# Exercise
Your answer must be an exact copy of the lines from the one holding "Funny cat surprised" through the last line of the entries below, with nothing added.

**********

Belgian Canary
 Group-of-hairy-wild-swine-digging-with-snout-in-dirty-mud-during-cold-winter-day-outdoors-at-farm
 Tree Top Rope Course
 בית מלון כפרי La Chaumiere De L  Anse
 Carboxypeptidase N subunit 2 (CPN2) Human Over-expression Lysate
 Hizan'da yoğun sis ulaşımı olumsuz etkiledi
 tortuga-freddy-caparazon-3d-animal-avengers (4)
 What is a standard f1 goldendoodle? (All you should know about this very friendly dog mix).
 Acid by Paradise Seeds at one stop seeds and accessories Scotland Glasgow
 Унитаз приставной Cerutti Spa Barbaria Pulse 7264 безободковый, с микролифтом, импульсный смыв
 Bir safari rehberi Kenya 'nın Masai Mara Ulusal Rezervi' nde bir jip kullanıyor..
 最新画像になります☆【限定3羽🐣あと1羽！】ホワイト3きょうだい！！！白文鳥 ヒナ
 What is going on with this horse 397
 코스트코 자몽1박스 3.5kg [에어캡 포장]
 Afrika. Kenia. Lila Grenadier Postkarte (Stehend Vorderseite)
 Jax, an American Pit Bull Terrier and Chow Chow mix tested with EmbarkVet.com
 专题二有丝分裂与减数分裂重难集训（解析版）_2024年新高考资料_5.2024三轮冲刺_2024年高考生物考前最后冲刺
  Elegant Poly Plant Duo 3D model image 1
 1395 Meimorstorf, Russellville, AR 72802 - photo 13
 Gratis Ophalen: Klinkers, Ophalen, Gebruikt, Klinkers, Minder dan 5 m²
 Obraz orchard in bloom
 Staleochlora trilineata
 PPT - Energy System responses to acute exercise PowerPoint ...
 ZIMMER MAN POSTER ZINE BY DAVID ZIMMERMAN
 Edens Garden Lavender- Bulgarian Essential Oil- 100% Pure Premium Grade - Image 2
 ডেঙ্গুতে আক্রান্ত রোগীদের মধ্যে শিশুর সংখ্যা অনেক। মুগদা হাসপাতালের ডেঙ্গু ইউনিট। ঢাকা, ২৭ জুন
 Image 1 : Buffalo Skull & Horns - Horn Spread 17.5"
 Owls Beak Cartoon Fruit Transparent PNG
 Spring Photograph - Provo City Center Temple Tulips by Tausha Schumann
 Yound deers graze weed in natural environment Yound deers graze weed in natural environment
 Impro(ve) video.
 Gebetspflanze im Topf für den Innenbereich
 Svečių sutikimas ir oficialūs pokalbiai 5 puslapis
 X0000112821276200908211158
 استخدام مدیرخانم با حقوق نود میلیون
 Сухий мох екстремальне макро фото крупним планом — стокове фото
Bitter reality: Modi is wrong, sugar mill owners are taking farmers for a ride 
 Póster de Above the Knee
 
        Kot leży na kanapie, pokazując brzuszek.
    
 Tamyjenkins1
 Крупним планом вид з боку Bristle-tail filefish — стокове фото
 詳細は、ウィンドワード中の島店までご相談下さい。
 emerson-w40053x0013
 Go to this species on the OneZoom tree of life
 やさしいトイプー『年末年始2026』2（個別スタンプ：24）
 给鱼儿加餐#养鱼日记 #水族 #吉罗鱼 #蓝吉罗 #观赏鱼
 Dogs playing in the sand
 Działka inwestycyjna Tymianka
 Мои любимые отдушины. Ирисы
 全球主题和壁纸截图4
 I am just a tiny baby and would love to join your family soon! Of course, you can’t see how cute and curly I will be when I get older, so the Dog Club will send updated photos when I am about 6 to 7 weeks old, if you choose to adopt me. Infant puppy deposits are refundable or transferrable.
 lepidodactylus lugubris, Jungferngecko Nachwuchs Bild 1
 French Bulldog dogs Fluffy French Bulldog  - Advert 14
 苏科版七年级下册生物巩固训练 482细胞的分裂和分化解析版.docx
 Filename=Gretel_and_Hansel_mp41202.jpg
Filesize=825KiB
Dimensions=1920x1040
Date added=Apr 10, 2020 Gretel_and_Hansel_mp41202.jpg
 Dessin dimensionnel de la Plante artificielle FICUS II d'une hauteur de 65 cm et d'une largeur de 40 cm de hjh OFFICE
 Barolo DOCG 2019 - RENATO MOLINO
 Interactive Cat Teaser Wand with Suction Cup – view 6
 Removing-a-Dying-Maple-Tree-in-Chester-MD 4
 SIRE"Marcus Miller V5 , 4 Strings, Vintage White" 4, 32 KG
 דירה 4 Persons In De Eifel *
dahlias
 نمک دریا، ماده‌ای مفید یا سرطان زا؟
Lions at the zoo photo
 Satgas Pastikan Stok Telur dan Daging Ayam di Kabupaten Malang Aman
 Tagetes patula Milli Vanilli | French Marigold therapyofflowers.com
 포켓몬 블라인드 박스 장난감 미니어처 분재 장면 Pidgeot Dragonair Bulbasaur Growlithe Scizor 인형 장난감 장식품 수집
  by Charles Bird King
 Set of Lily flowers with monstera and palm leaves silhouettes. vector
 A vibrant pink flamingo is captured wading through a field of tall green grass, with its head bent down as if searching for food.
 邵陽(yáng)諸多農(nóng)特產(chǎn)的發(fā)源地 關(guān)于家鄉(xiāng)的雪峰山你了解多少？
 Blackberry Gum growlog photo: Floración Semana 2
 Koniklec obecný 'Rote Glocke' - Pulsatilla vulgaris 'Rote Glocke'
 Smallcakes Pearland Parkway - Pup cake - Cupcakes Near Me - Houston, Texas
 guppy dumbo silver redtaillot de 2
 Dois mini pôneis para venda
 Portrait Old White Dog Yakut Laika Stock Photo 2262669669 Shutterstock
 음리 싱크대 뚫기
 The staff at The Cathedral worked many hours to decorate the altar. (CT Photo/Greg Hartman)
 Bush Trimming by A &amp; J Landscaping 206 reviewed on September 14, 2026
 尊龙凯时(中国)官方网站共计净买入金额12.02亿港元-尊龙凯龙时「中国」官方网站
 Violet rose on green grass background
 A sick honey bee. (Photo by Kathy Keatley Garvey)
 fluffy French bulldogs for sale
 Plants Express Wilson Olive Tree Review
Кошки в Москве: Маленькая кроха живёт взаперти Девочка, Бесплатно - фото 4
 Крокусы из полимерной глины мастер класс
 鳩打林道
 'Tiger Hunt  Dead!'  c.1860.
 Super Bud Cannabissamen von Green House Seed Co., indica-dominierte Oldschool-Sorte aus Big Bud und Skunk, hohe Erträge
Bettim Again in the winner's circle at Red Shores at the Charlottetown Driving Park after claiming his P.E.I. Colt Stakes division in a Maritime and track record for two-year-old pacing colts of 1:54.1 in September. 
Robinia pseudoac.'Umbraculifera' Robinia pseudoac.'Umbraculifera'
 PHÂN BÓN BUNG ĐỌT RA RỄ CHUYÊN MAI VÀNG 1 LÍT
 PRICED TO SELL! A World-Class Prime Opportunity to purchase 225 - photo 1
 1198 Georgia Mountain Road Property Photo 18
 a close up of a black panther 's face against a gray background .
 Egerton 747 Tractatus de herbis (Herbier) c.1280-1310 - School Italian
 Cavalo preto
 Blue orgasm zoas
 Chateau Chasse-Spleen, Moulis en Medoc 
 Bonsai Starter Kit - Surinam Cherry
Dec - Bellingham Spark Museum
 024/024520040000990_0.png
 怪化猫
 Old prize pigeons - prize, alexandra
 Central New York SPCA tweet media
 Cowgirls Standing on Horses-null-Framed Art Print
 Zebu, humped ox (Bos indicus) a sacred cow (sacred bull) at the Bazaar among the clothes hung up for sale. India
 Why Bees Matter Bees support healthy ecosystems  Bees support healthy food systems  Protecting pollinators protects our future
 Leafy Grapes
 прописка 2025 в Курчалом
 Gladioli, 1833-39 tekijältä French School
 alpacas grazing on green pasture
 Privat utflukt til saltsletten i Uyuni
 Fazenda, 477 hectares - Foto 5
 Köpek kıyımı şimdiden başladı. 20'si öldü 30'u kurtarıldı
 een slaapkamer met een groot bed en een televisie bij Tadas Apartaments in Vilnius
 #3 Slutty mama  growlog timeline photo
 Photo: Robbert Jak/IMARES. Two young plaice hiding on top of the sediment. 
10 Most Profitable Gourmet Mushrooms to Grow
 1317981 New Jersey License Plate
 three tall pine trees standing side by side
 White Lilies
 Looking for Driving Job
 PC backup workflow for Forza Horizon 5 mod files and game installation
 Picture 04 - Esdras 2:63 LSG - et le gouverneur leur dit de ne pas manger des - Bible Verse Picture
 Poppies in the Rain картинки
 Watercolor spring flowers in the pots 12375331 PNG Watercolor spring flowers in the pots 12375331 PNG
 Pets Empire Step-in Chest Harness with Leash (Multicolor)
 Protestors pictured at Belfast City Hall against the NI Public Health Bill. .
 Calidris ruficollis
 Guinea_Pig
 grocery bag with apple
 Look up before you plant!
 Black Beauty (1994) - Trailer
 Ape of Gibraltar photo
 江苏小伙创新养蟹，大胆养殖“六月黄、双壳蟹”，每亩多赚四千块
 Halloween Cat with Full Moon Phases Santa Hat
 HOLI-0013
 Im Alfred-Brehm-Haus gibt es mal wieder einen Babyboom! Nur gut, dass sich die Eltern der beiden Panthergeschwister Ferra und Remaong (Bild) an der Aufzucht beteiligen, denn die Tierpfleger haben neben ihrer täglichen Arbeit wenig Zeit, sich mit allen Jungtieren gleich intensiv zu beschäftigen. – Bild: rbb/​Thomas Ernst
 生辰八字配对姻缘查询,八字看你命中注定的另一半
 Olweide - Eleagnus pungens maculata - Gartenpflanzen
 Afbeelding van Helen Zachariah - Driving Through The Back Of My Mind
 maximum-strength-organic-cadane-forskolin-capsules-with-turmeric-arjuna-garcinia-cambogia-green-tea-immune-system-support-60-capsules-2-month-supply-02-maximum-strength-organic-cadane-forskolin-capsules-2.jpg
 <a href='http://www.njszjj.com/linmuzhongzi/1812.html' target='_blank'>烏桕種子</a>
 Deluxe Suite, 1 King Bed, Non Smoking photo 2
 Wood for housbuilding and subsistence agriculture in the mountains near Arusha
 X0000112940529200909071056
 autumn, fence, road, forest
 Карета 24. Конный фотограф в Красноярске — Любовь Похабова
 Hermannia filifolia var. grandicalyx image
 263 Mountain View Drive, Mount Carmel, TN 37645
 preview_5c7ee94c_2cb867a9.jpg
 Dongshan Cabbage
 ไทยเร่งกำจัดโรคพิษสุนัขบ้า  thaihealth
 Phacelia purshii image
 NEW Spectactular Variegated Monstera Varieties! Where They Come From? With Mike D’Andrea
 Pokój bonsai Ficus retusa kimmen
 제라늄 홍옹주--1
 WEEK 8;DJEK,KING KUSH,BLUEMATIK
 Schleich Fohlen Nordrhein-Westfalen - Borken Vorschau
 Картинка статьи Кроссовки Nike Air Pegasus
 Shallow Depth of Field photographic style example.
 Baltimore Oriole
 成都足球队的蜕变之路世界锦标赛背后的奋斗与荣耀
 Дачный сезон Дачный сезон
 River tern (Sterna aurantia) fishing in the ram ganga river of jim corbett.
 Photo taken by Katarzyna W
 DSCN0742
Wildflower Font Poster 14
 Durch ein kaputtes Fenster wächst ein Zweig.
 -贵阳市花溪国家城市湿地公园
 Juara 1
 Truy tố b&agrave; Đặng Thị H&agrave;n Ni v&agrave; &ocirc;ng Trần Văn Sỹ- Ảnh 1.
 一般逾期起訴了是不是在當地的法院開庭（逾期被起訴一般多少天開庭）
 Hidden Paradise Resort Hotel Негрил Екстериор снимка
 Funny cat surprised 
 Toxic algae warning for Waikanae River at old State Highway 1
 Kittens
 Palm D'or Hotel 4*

**********

# Response for this exercise
 Funny cat surprised 
 Toxic algae warning for Waikanae River at old State Highway 1
 Kittens
 Palm D'or Hotel 4*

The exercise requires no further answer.